§ 60. Sir J. Mellor
asked the Secretary of State for the Home Department what arrangements have been made for recording evidence of broadcasts under enemy auspices by British subjects with a view to their prosecution as soon as they can be brought to justice?
§ The Under-Secretary of State for the Home Department (Mr. Peake)
Yes, Sir, such broadcasts are recorded and my right hon. Friend fully shares the view that all practicable steps should be taken for the collection of evidence which might be relevant to prosecutions in the future against any British subject who assists the enemy.
Colonel Arthur Evans
Will the Home Office consider the advisability of broadcasting an appeal, and indeed a warning, to British subjects resident in enemy countries against making any broadcasts which they might be inclined to indulge in as a result of bribery held out by the enemy, so that their position will be quite clear on their return to this country?
§ Sir I. Albery
Will my hon.

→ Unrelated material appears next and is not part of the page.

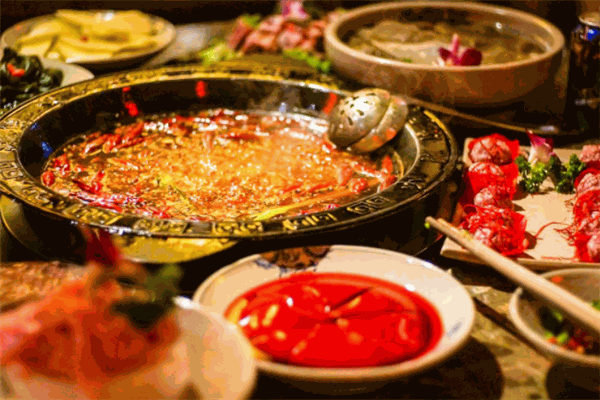 瀘州火鍋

Friend bear in mind that so few British subjects are liable to do this sort of thing that such a measure is quite unnecessary?
§ Earl Winterton
Will the Government make clear by an Order in Council that these people will be liable to prosecution, whoever they are, whether famous writers or anybody else?
§ Mr. Peake
I think the situation is already perfectly clear. Anybody who assists the enemy by broadcasting in their programmes is obviously liable to prosecution if sufficient evidence can be brought after the war, and it is for the purpose of collecting the evidence that we are taking the steps suggested in my hon. Friend's Question.